Afin de lutter efficacement contre ces dérives et de rendre le donneur d'ordre responsable de ce qui se passe sur son chantier, il fallait mettre en place, sur l'ensemble du territoire européen, une obligation permettant d'engager la responsabilité des donneurs d'ordre vis-à-vis de leurs sous-traitants.

C'est là le cœur de la décision du 9 décembre dernier qui, je le rappelle, n'a pas été prise à l'unanimité. Certains pays sont restés sur cette position extrêmement dogmatique - je pense en particulier à la Grande-Bretagne - selon laquelle le laisser-faire vaut toujours mieux que la réglementation. Non ! À un moment donné, la réglementation est nécessaire pour permettre d'éviter ces dérives extrêmement préjudiciables aux salariés comme au tissu économique lui-même.

Cette responsabilité solidaire va donc être instaurée sur l'ensemble du territoire européen. Sans attendre, vous aurez, je le répète, mesdames, messieurs les sénateurs, à débattre dans les semaines qui viennent de la mise en place de cette responsabilité dans tous les secteurs, notamment celui du bâtiment où cela est particulièrement nécessaire.

La législation française sera en conformité avec la future directive avant même que celle-ci ne soit définitivement adoptée par le Parlement européen ! Il s'agit d'un progrès considérable, qui peut être mis en place extrêmement rapidement.

Je terminerai, monsieur le sénateur, en disant que la situation que vous décrivez en Languedoc-Roussillon existe aussi dans de nombreuses autres régions du territoire français. Nous le constatons, la proximité des frontières peut faciliter l'apparition de mécanismes délictueux.
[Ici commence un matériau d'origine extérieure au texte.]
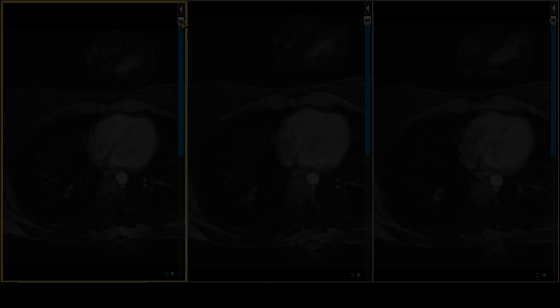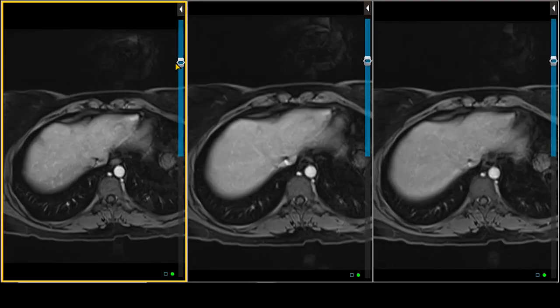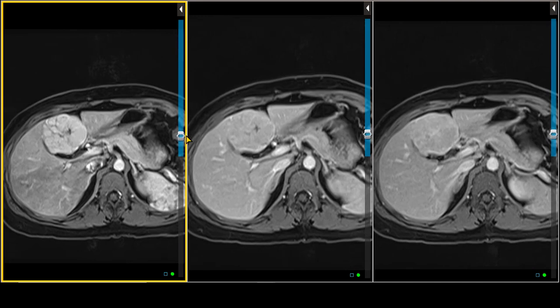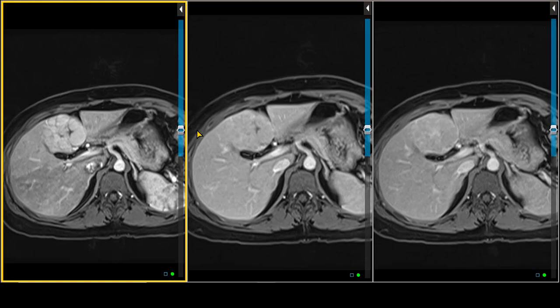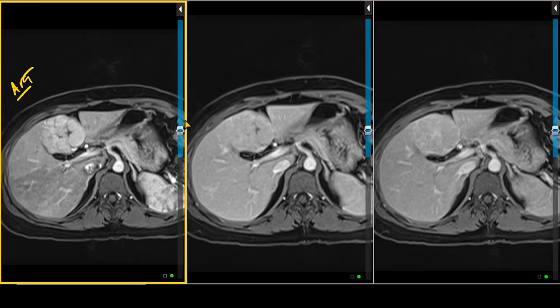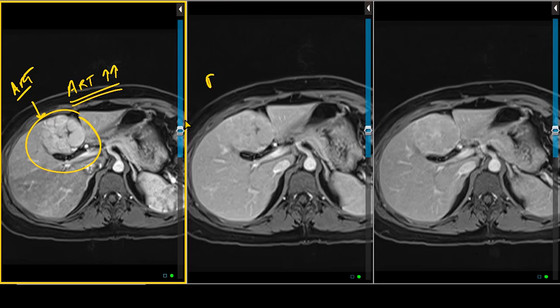Moving on to post-contrast imaging sequences, we have the arterial, portal venous, and equilibrium phase images. In the arterial phase, the lesion has pretty homogeneous arterial hyper-enhancement. On the portal venous phase image, the lesion is somewhat iso-intense to slightly hyper-intense with respect to liver parenchyma — some portions look very similar to liver parenchyma while some portions remain slightly brighter.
Toutefois, je voudrais que chacun prenne ses responsabilités. En effet, si certaines dérives ont été dénoncées sur le territoire national, c'est aussi parce que des entreprises françaises les ont acceptées. Les mêmes qui vont se plaindre, à juste titre, d'abus ayant des conséquences catastrophiques sur l'emploi en France, sont aussi celles qui répondront à ces petites annonces ou petits tracts que vous avez décrits et qui ne sont rien d'autre que la description d'un délit, personne n'ignorant qu'il est impossible de payer un ouvrier - fût-il polonais - au tarif horaire que vous avez annoncé en respectant le droit du travail. Chacun doit donc se sentir responsable, même les entreprises.
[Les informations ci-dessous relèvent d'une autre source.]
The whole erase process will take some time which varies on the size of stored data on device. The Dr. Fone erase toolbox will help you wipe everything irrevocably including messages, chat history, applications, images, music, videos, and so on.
Pour ma part, je suis prêt à accompagner, y compris à travers de meilleurs contrôles, la lutte contre ces dérives et cette concurrence tout à fait déloyale, mais, je le répète, je demande à chacun de prendre ses responsabilités. Je sais qu'au Sénat, vous serez unanimement favorables à cet appel à la responsabilité. Nous aurons les moyens juridiques, nous aurons les contrôles, nous aurons les sanctions, mais il faut aussi que chacun soit droit dans ses bottes !

M. le président. La parole est à M. Roland Courteau.

M. Roland Courteau. Je vous remercie de votre réponse, monsieur le ministre, et de votre action face à ce problème majeur.

Nous ne pouvons tolérer ni les conditions de travail et d'hébergement indignes réservées aux travailleurs détachés, nouvelles figures de l'esclavage moderne, ni les conséquences de cette concurrence déloyale sur la compétitivité de nos entreprises.

Je sais que la croissance et l'emploi sont une priorité pour le Gouvernement, au plan tant national qu'européen. Toutefois, cette croissance n'a de sens que si elle bénéficie à tous, ce qui implique de lutter contre le dumping social et le travail low cost.

L'Europe, en ce domaine, doit faire plus. Ce que les Européens attendent, c'est une Europe solidaire, c'est une croissance solidaire ! Tel est le sens de votre action ; je vous en félicite et vous en remercie, monsieur le ministre.